We will use the data file Lawley.sta, and imagine that we are Lawley, about to gather data to test a confirmatory factor model like the one in the file Lawley.cmd. In this example, we will use the Monte Carlo module of SEPATH to examine the long-run performance of the testing procedure in a situation where the confirmatory factor model and underlying statistical assumptions are correct.

Open the Lawley.sta data file and start the Structural Equation Modeling module:

Ribbon bar. Select the Home tab. In the File group, click the Open arrow and select Open Examples to display the Open a STATISTICA Data File dialog box. Open the Datasets folder. Open the data file, which is located in the SEPATH folder. Then, select the Statistics tab. In the Advanced/Multivariate group, click Advanced Models and on the menu, select Structural Equation to display the Structural Equation Model Startup Panel.

Classic menus. On the File menu, select Open Examples to display the Open a STATISTICA Data File dialog box. Open the Datasets folder. Open the data file, which is located in the SEPATH  folder. Then, from the Statistics - Advanced Linear/Nonlinear Models submenu, select Structural Equation Modeling to display the Structural Equation Model Startup Panel.

Click the Path tool button to display the Path Construction Tool dialog box.

In the Path Construction Tool dialog box, click the Edit latent button to display the Path Tool - Edit Latent Variable Names dialog box. In the first three boxes, type in the names Visual, Verbal, and Speed.

Click the OK button.

We are going to simulate a model in which all factor loadings are .6, all unique variances are .64, and all the factor intercorrelations are zero. We will do this by creating a model with these numbers inserted in braces as initial values. The Monte Carlo procedure will read these numbers, treat them as population parameters, and generate samples from the covariance matrix corresponding to these values.  

First, create the factor loadings for the Visual factor.

In the Path Construction Tool dialog box, select Visual in the From list.

Select VIS_PERC, CUBES, and LOZENGES in the To list.

In the Path Type group box, select the X-->Y option button.

In the Start value group box, select the Include check box and type in the value .6.

Now click the Add>> button.

You should see the following three paths displayed in the Paths window.

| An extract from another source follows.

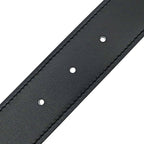 Hermes Belt Jockey Au Carre 85 Togo Box Calf Black 85 Reversible Kit — view 5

(Visual)-1{.6}->[VIS_PERC]

(Visual)-2{.6}->[CUBES]

(Visual)-3{.6}->[LOZENGES]

Next, create the factor loadings for the Verbal factor. Select Verbal in the From list, and PAR_COMP, SEN_COMP, and WRD_MNG in the To list. Now click the Add>> button.

You should see the following three paths added to the previous paths in the Paths window.

(Verbal)-4{.6}->[PAR_COMP]

(Verbal)-5{.6}->[SEN_COMP]

(Verbal)-6{.6}->[WRD_MNG]

Next, in similar fashion, create loadings from the Speed factor to the variables ADDITION, CNT_DOT, and ST_CURVE. When you are finished, the dialog should look like this:

Now, create the residual variable paths.

In the Path Type group box, select the Residual option button.

In the Start value group box, type .64 in the Value box. Select all the manifest variables, and click the Add>> button.

Finally, add the paths for the factor intercorrelations:

In the To variables drop-down list, select Latent.

In the Path Type group box, select the Correl. option button.

In the To list, select the variables Speed, Verbal, and Visual.

In the Start value group box, in the Value box, type 0.0. Then, click Add>>.

Your model is fully specified. Click the OK button, and the model will be displayed in the Analysis syntax window.

Before continuing, compare your file with the commands in Monte1.cmd to verify that they agree.  

You are now ready to perform the Monte Carlo experiment. Before setting up and running the study, choose the appropriate parameters in the Analysis Parameters dialog box.

In the Structural Equation Modeling Startup Panel, select the Advanced tab, and click the Set parameters button to display the Analysis Parameters dialog box. In the Data to analyze group box, select the Correlations option button.

Since most factor analyses are performed on correlation matrices, this mode is preferred over analyzing covariances.  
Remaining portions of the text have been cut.